Rohingya Muslims are a people without a state. This is at the center of an ongoing humanitarian crisis in South Asia and the biggest obstacle to finding a solution. DW examines Myanmar's controversial citizenship laws.

Bangladesch | Rohingya-Flüchtlingslager rund um Cox's Bazar
Image: DW/ P. Vishwanathan

According to the UN, in the past two months, around 600,000 Rohingya have fled across the border of Myanmar to Bangladesh. The international community and Bangladesh are both working hard to prevent a humanitarian catastrophe in the rapidly growing refugee camps – but nobody actually feels responsible for the stateless Rohingya.

This especially includes Myanmar - where the majority of Rohingya are located, where they have faced widespread discrimination for decades and are considered to be "illegal" immigrants. But no other country in the world officially recognizes the Rohingya as citizens. A long term, sustainable solution to the current crisis is not possible as long as the Rohingya remain a stateless population.

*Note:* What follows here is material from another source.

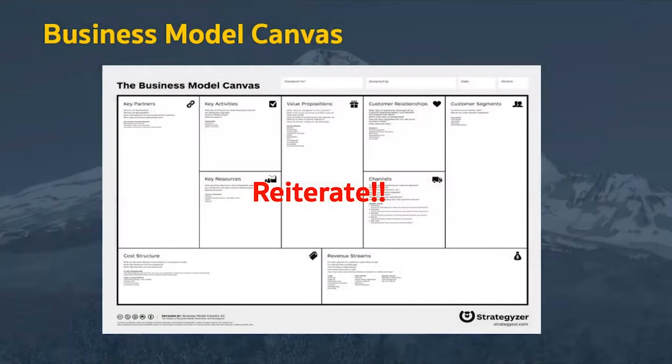The business model canvas is meant to be reworked and reiterated over and over until it's honed in. The first time you make one, you won't get everything right, but once you set out this map, you'll begin to see the gaps in your business model and rework it to strengthen it into something that is responsive to customer needs, delivers value, and captures value in an innovative, creative way. Thank you.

The issue of statelessness was also included in the final report from The Advisory Commission on Rakhine State, an independent body chaired by former UN chief Kofi Annan with the objective of providing recommendations on the troubled region to the government of Myanmar.

As a stateless people, Rohingya are in a sense outlawed. This is also related to the fact that statelessness is not provided for in international law.

"International law assumes that every human being belongs to a state, which is the norm," Martin Stiller, a lawyer from Vienna, who wrote his doctoral thesis about statelessness, told DW.

Read more: Myanmar's Aung San Suu Kyi visits conflict-torn Rakhine region

Read more: Rohingya people in Myanmar: what you need to know

Identification documents from a Rohingya refugee at Cox's Bazaar refugee camp in BangladeshImage: DW/ P. Vishwanathan

Statelessness not illegal

A 1954 UN convention on the legal status of stateless persons stipulates that stateless individuals cannot be treated worse than foreigners with a nationality. A 1961 convention was intended to help prevent statelessness by proposing rules for granting nationality and making it more difficult to remove.

Both Myanmar and Bangladesh are not parties to the convention and despite UN conventions, countries that impose statelessness on populations are not violating international law, per se.

"Even if it is frowned upon by many countries and international organizations, statelessness isn't forbidden by international law," said Stiller, adding that every country has the possibility to determine the requirements a person must fill to acquire nationality.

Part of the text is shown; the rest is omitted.